Customers who can show rather than describe, and receive visual confirmation rather than written instruction, stay in the session and see it through. That engagement is what makes everything else downstream (resolution rates, repeat contact reduction, parts conversion) actually move.
From Reactive to Proactive
The most significant implication of the current shift is what it makes possible in terms of proactive support.
The historical model has always been the same: customer encounters a problem, customer initiates contact, brand responds. The customer is always one step ahead of the support system, because the system can only respond to what it’s told.
Connected hardware changes that equation. When a product can transmit its own status data, the AI doesn’t have to wait to be told there’s a problem; it already knows.

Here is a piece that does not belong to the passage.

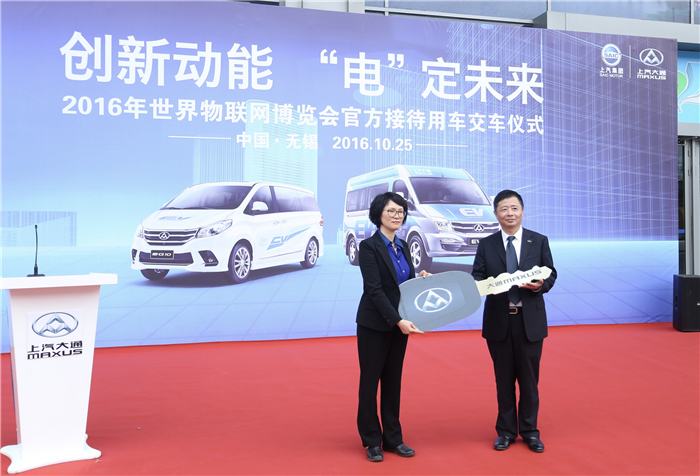 助力2016世界物联网博览会, KY开元大通绿色纯电动车“双子星”齐上阵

Lilja points to Husqvarna as an example of what this looks like in practice. IoT alarm codes flag issues before the customer has even noticed them. The customer receives a notification, clicks through, and reaches a resolution path immediately – without the escalating frustration of a problem that’s been getting worse while they tried to figure out what was wrong.
When support is fast, accurate, and proactive, it stops being something customers dread and starts being something that actually builds loyalty.
Moreover, the product relationship doesn’t end at the point of sale. Indeed, for many hardware brands, support is where it’s really tested.
The Cost of Standing Still
For CX leaders still working primarily with text-based support, the pressure from this shift is increasingly hard to ignore.
Customer expectations have been reset by consumer AI, with tools like ChatGPT and Gemini that interact multimodally now seen as a baseline, not as a premium feature.
A customer who photographs a car engine to ask what’s wrong with it isn’t going to be satisfied with a support chatbot that asks them to describe the problem in writing. Lilja says,
“If you’re stuck with a wall of text, users will abandon the session.”
The downstream consequences – lower self-service rates, higher human support costs, brand damage – may not show up on a multimodal readiness dashboard. Still, they do show up quietly, in metrics that seem unrelated to the channel decision.
The brands building multimodal infrastructure now are able to fix today’s support experience and accumulate an advantage that compounds over time. This can include better data, better AI training, and better customer relationships – all while their competitors are still deciding whether to start.
Lilja’s own read on the moment is fairly blunt: “End of history narratives are always false. But it sure feels like we’re approaching the end of history for support as we know it.”
This is not because innovation stops here, but because for the first time, the technology can meet the full complexity of what support actually requires.